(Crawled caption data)
========
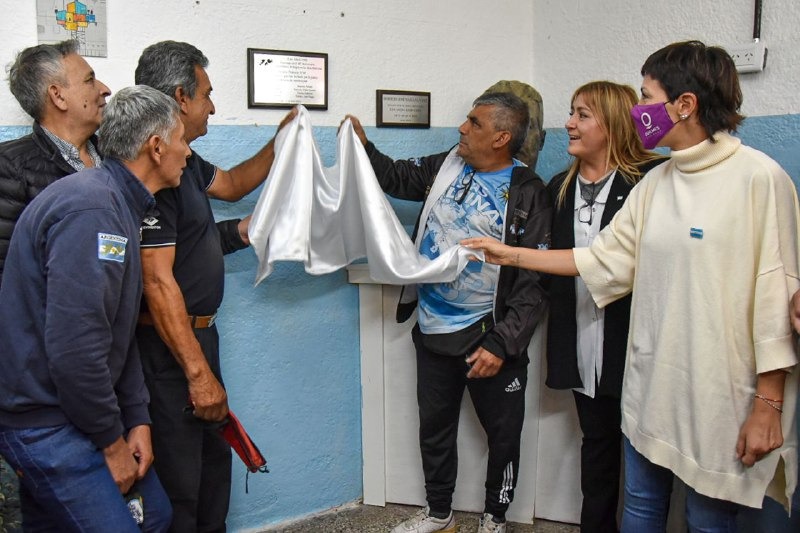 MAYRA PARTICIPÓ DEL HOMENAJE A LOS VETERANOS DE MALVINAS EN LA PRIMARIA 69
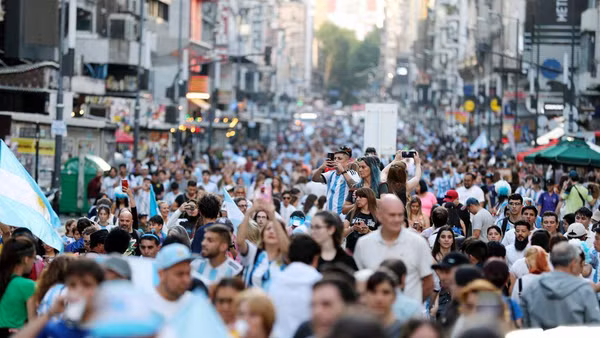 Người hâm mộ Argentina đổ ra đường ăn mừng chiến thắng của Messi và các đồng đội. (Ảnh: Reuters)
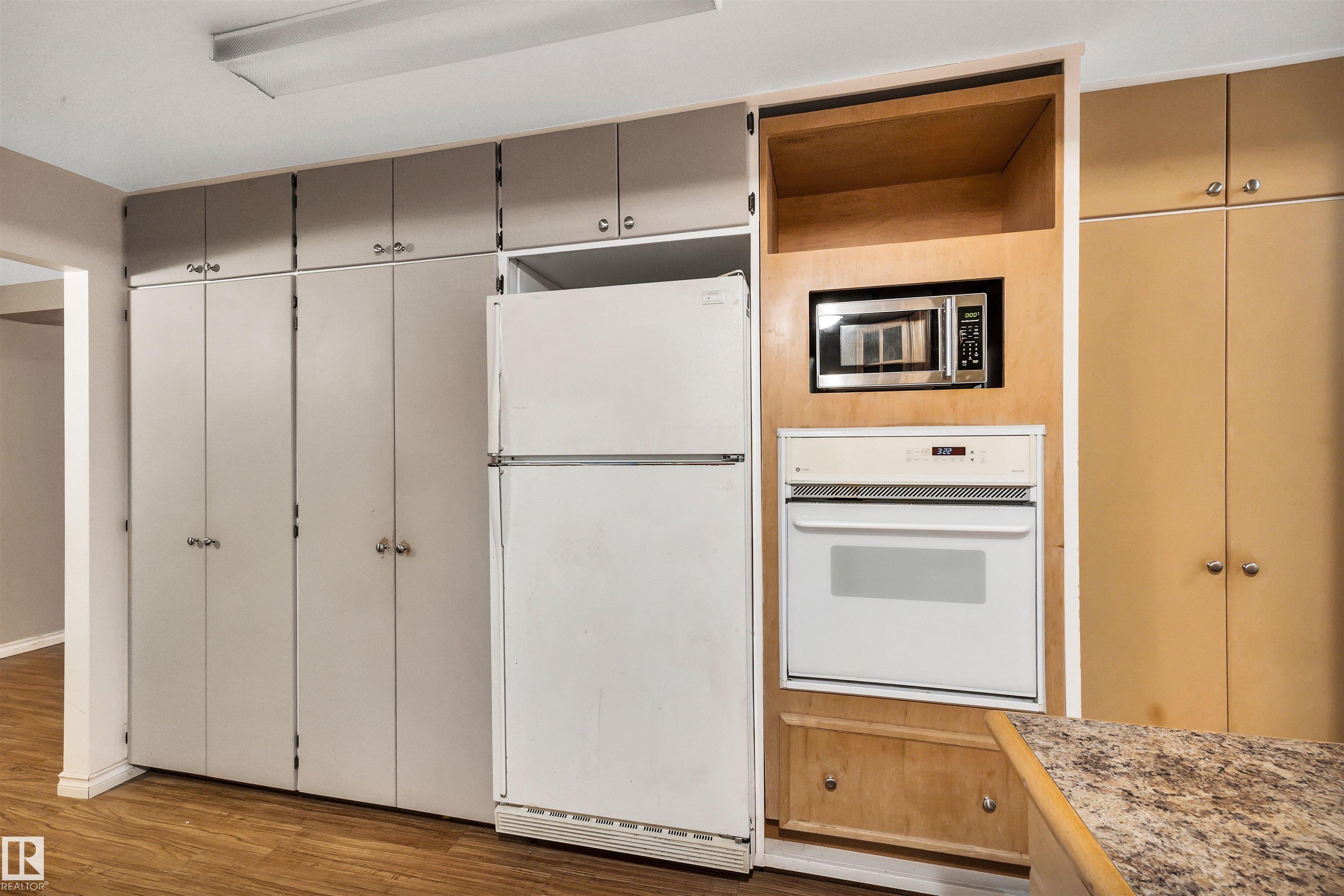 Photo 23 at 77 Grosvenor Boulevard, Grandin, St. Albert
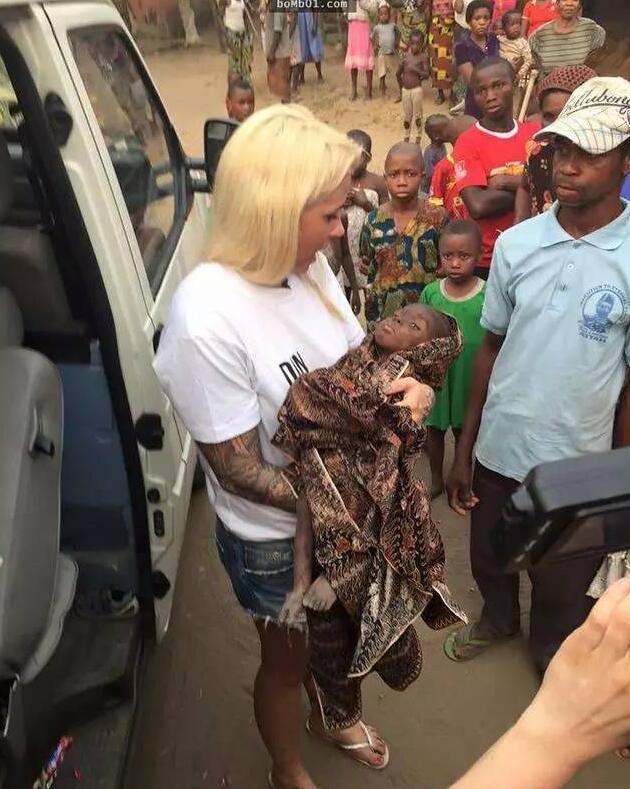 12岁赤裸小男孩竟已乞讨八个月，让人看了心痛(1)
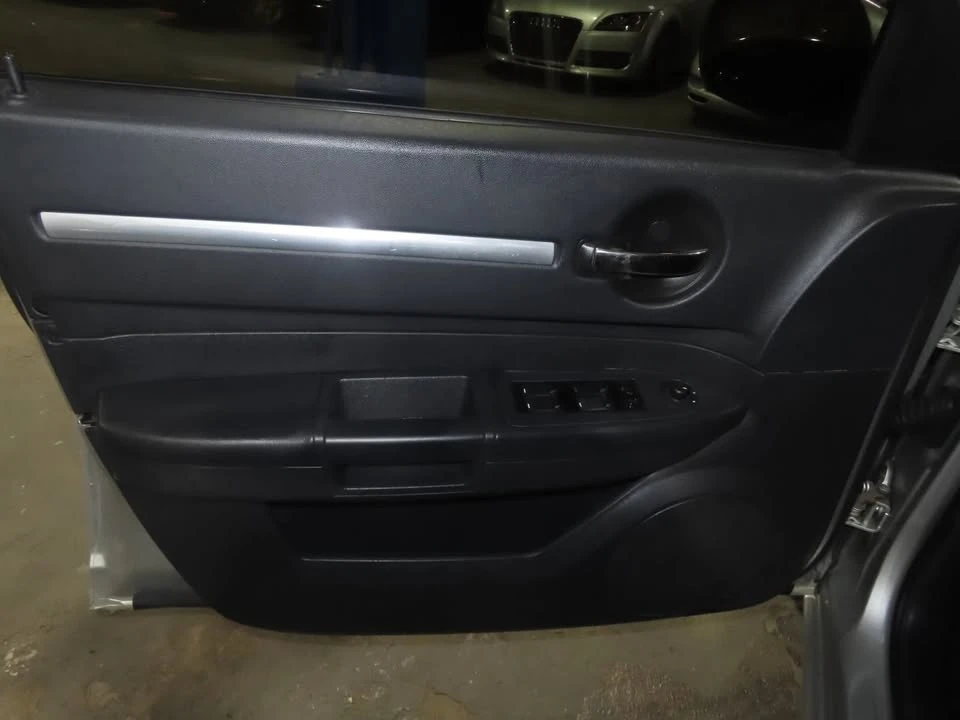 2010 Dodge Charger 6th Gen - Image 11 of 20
========
_EXERCISE AIM:_ All entries must be output exactly as they stand, and every picture must be left out.

_THE ANSWER:_
 MAYRA PARTICIPÓ DEL HOMENAJE A LOS VETERANOS DE MALVINAS EN LA PRIMARIA 69
 Người hâm mộ Argentina đổ ra đường ăn mừng chiến thắng của Messi và các đồng đội. (Ảnh: Reuters)
 Photo 23 at 77 Grosvenor Boulevard, Grandin, St. Albert
 12岁赤裸小男孩竟已乞讨八个月，让人看了心痛(1)
 2010 Dodge Charger 6th Gen - Image 11 of 20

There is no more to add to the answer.